TASK BRIEF: Without changing anything, output the records below.

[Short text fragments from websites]

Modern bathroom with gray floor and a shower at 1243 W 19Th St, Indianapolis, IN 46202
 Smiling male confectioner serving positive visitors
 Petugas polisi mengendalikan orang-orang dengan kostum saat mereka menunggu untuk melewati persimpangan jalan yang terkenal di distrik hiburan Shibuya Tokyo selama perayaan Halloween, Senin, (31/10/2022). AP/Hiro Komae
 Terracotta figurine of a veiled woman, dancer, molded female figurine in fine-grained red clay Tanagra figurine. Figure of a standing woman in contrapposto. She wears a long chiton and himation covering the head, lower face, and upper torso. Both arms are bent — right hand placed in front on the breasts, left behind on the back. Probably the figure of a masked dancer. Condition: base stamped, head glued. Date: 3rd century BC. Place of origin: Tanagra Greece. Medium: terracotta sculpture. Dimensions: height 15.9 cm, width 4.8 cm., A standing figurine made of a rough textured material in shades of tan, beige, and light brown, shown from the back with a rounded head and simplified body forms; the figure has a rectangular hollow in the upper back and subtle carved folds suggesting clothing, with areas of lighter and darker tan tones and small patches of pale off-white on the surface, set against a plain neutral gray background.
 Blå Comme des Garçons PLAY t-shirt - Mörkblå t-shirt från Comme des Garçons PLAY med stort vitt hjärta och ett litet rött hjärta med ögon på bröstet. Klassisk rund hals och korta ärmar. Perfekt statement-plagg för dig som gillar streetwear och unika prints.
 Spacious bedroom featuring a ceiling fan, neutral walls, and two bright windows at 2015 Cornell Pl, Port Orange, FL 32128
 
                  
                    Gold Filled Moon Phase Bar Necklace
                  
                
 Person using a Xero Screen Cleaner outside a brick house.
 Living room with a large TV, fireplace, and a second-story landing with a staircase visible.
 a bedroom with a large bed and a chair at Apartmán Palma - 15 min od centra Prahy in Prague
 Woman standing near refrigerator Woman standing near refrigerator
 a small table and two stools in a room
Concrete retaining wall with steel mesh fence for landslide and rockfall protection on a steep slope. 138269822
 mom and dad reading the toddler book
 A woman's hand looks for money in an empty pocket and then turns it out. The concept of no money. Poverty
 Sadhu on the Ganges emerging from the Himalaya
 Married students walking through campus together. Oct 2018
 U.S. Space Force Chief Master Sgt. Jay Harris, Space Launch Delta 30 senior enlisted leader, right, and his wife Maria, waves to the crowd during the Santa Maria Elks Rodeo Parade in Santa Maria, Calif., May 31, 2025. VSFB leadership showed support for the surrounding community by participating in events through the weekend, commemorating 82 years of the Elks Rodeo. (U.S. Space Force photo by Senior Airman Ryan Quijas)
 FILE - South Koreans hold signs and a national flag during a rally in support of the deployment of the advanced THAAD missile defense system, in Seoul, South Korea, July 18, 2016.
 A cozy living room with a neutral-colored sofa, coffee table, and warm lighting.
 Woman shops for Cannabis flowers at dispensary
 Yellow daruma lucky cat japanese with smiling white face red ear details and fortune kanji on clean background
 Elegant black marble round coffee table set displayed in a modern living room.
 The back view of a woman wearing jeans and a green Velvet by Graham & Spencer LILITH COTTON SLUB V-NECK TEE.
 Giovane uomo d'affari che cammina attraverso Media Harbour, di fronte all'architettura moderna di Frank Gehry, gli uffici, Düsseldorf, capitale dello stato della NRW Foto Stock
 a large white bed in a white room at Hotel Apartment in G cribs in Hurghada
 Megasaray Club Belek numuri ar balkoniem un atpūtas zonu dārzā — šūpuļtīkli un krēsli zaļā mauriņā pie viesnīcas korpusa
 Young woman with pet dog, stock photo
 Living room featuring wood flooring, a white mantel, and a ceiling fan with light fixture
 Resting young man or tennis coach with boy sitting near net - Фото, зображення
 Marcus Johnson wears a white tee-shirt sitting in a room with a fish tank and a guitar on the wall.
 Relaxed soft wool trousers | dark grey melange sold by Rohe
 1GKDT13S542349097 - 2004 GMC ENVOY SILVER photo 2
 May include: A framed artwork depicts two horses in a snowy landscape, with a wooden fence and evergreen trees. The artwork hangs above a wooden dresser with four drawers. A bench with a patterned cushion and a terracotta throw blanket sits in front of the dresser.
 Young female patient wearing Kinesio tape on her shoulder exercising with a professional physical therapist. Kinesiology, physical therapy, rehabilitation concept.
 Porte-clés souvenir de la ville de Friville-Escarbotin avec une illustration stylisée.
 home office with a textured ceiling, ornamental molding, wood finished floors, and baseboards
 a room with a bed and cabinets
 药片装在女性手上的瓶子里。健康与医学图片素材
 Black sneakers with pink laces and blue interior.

SOLVED PROBLEM:
Modern bathroom with gray floor and a shower at 1243 W 19Th St, Indianapolis, IN 46202
 Smiling male confectioner serving positive visitors
 Petugas polisi mengendalikan orang-orang dengan kostum saat mereka menunggu untuk melewati persimpangan jalan yang terkenal di distrik hiburan Shibuya Tokyo selama perayaan Halloween, Senin, (31/10/2022). AP/Hiro Komae
 Terracotta figurine of a veiled woman, dancer, molded female figurine in fine-grained red clay Tanagra figurine. Figure of a standing woman in contrapposto. She wears a long chiton and himation covering the head, lower face, and upper torso. Both arms are bent — right hand placed in front on the breasts, left behind on the back. Probably the figure of a masked dancer. Condition: base stamped, head glued. Date: 3rd century BC. Place of origin: Tanagra Greece. Medium: terracotta sculpture. Dimensions: height 15.9 cm, width 4.8 cm., A standing figurine made of a rough textured material in shades of tan, beige, and light brown, shown from the back with a rounded head and simplified body forms; the figure has a rectangular hollow in the upper back and subtle carved folds suggesting clothing, with areas of lighter and darker tan tones and small patches of pale off-white on the surface, set against a plain neutral gray background.
 Blå Comme des Garçons PLAY t-shirt - Mörkblå t-shirt från Comme des Garçons PLAY med stort vitt hjärta och ett litet rött hjärta med ögon på bröstet. Klassisk rund hals och korta ärmar. Perfekt statement-plagg för dig som gillar streetwear och unika prints.
 Spacious bedroom featuring a ceiling fan, neutral walls, and two bright windows at 2015 Cornell Pl, Port Orange, FL 32128
 
                  
                    Gold Filled Moon Phase Bar Necklace
                  
                
 Person using a Xero Screen Cleaner outside a brick house.
 Living room with a large TV, fireplace, and a second-story landing with a staircase visible.
 a bedroom with a large bed and a chair at Apartmán Palma - 15 min od centra Prahy in Prague
 Woman standing near refrigerator Woman standing near refrigerator
 a small table and two stools in a room
Concrete retaining wall with steel mesh fence for landslide and rockfall protection on a steep slope. 138269822
 mom and dad reading the toddler book
 A woman's hand looks for money in an empty pocket and then turns it out. The concept of no money. Poverty
 Sadhu on the Ganges emerging from the Himalaya
 Married students walking through campus together. Oct 2018
 U.S. Space Force Chief Master Sgt. Jay Harris, Space Launch Delta 30 senior enlisted leader, right, and his wife Maria, waves to the crowd during the Santa Maria Elks Rodeo Parade in Santa Maria, Calif., May 31, 2025. VSFB leadership showed support for the surrounding community by participating in events through the weekend, commemorating 82 years of the Elks Rodeo. (U.S. Space Force photo by Senior Airman Ryan Quijas)
 FILE - South Koreans hold signs and a national flag during a rally in support of the deployment of the advanced THAAD missile defense system, in Seoul, South Korea, July 18, 2016.
 A cozy living room with a neutral-colored sofa, coffee table, and warm lighting.
 Woman shops for Cannabis flowers at dispensary
 Yellow daruma lucky cat japanese with smiling white face red ear details and fortune kanji on clean background
 Elegant black marble round coffee table set displayed in a modern living room.
 The back view of a woman wearing jeans and a green Velvet by Graham & Spencer LILITH COTTON SLUB V-NECK TEE.
 Giovane uomo d'affari che cammina attraverso Media Harbour, di fronte all'architettura moderna di Frank Gehry, gli uffici, Düsseldorf, capitale dello stato della NRW Foto Stock
 a large white bed in a white room at Hotel Apartment in G cribs in Hurghada
 Megasaray Club Belek numuri ar balkoniem un atpūtas zonu dārzā — šūpuļtīkli un krēsli zaļā mauriņā pie viesnīcas korpusa
 Young woman with pet dog, stock photo
 Living room featuring wood flooring, a white mantel, and a ceiling fan with light fixture
 Resting young man or tennis coach with boy sitting near net - Фото, зображення
 Marcus Johnson wears a white tee-shirt sitting in a room with a fish tank and a guitar on the wall.
 Relaxed soft wool trousers | dark grey melange sold by Rohe
 1GKDT13S542349097 - 2004 GMC ENVOY SILVER photo 2
 May include: A framed artwork depicts two horses in a snowy landscape, with a wooden fence and evergreen trees. The artwork hangs above a wooden dresser with four drawers. A bench with a patterned cushion and a terracotta throw blanket sits in front of the dresser.
 Young female patient wearing Kinesio tape on her shoulder exercising with a professional physical therapist. Kinesiology, physical therapy, rehabilitation concept.
 Porte-clés souvenir de la ville de Friville-Escarbotin avec une illustration stylisée.
 home office with a textured ceiling, ornamental molding, wood finished floors, and baseboards
 a room with a bed and cabinets
 药片装在女性手上的瓶子里。健康与医学图片素材
 Black sneakers with pink laces and blue interior.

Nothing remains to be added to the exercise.